Czech cyber security preparedness still lacking
Cyber security shot up the agenda in recent weeks in the Czech Republic after the highly publicized hacking of the prime minister’s e-mail and twitter accounts by a group based in the United States. But if that’s raised questions about the state’s readiness to counter and combat cyber threats, the same questions hold true, perhaps even more so, for the private sector.
The dangers were highlighted at the start of this year by the hacking of Prime Minister Bohuslav Sobotka’s emails. That was embarrassing enough and has prompted a police investigation and steps from the National Cyber Security Centre, the state body tasked with protecting key state infrastructures and services from attack, to action. The centre is now examining how it can better safeguard targets through so-called ‘active defense,’ details of that are not being revealed.
At the governmental level, a law outlining the framework, responsibilities, and strategy for cyber security, such as identifying key installations such as power stations and networks, emergency services and the police from being disrupted and hacked, have been in place for a year now. The strategy document warned that police capabilities to deal with cyber security needed to be substantially bolstered.

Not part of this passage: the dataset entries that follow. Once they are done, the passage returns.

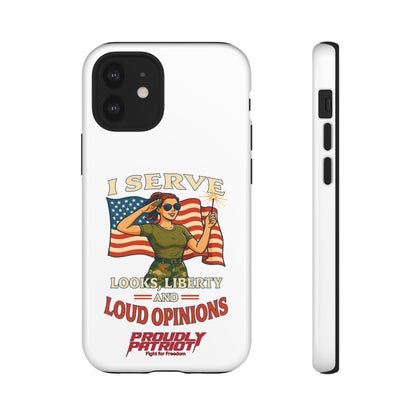 Patriotic Sass in Camo Class, Phone Case
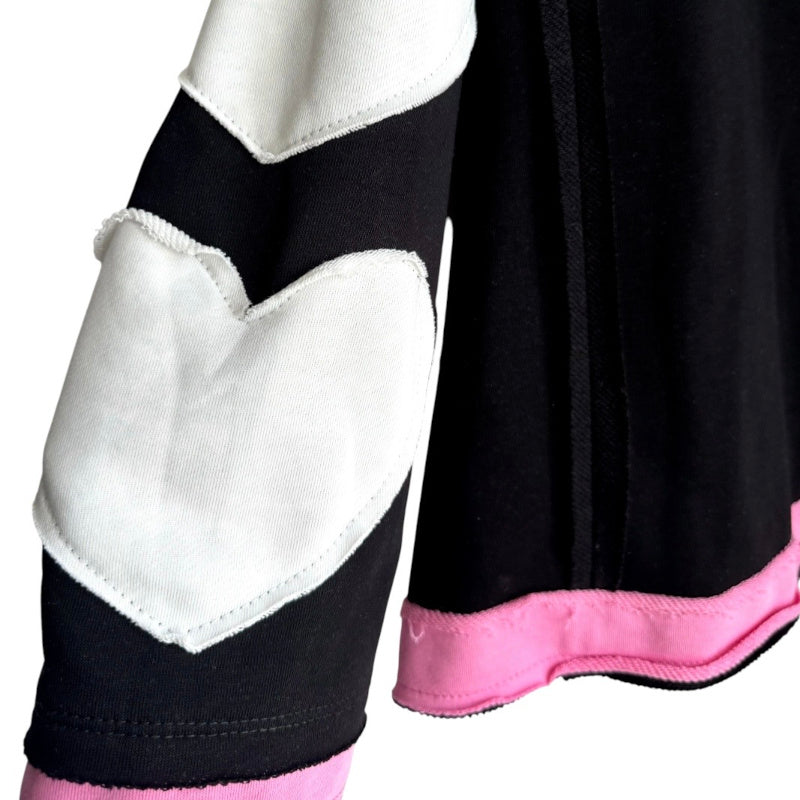 Sweater "HEART PATCH", schwarz
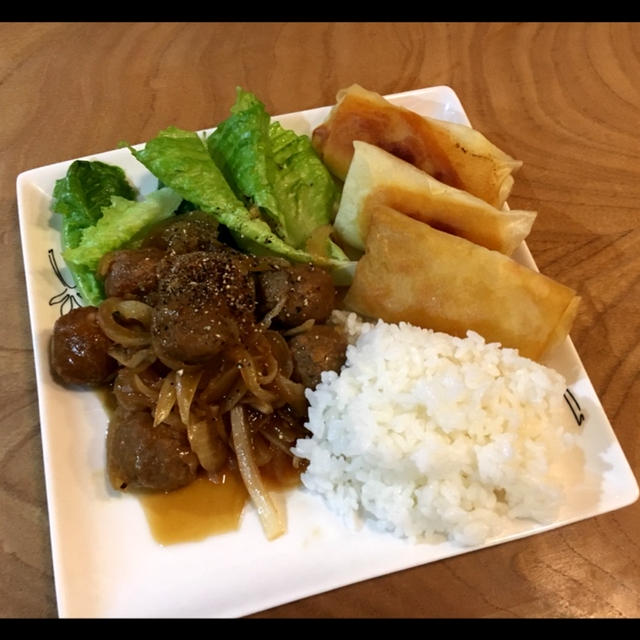 最近の晩ごはん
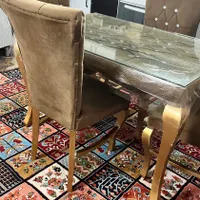 میزناهار خوری ۴نفره چوبی|میز و صندلی غذاخوری|یزد, |دیوار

But there has been action. A major two-day exercise back in October also, for example, simulated a hacking attack on a nuclear power plants.
Cooperation agreements between the centre and NATO and with key countries which lead in cyber security such as the US, South Korea, Israel and Estonia and Czech universities have also been forged.

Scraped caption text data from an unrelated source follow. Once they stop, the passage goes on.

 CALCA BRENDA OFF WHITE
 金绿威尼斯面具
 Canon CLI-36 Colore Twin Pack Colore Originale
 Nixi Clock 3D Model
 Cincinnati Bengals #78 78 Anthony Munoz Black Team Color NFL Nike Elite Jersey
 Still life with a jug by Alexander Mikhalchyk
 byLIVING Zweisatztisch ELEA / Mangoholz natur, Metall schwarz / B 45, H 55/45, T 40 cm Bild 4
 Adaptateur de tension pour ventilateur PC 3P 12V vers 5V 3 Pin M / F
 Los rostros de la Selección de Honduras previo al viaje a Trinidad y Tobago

But a lot of questions still seem to be posed. For one thing, the line between public and private which is drawn by the laws on Czech cyber security are not quite so clear cut on the ground. State institutions and strategic state companies often outsource part of their IT and cyber security responsibilities to private companies. Some may store key date in cloud systems that might be based far away from the country.

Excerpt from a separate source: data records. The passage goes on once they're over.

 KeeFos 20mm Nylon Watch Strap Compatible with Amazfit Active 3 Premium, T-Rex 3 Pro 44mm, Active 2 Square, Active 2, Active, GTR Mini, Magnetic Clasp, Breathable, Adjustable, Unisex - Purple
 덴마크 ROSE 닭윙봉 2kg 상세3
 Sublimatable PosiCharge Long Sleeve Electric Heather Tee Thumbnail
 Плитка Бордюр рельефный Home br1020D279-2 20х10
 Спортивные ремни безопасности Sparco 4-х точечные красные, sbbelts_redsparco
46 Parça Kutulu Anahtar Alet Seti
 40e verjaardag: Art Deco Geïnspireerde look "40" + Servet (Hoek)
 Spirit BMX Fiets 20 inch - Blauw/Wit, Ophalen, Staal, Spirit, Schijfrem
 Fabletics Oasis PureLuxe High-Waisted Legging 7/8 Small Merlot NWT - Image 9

“They are certainly not prepared very well but they are improving and in some sectors they are improving very rapidly. The problem is motivation because top management of the company has to be ready and consider cyber security as the main topic and, unfortunately, that often does not happen.”
Flídr warns as well that some companies when faced with fulfilling their legal cyber security responsibilities actually prefer to take a fine rather than do the work required because it comes out as a cheaper option in the short-term.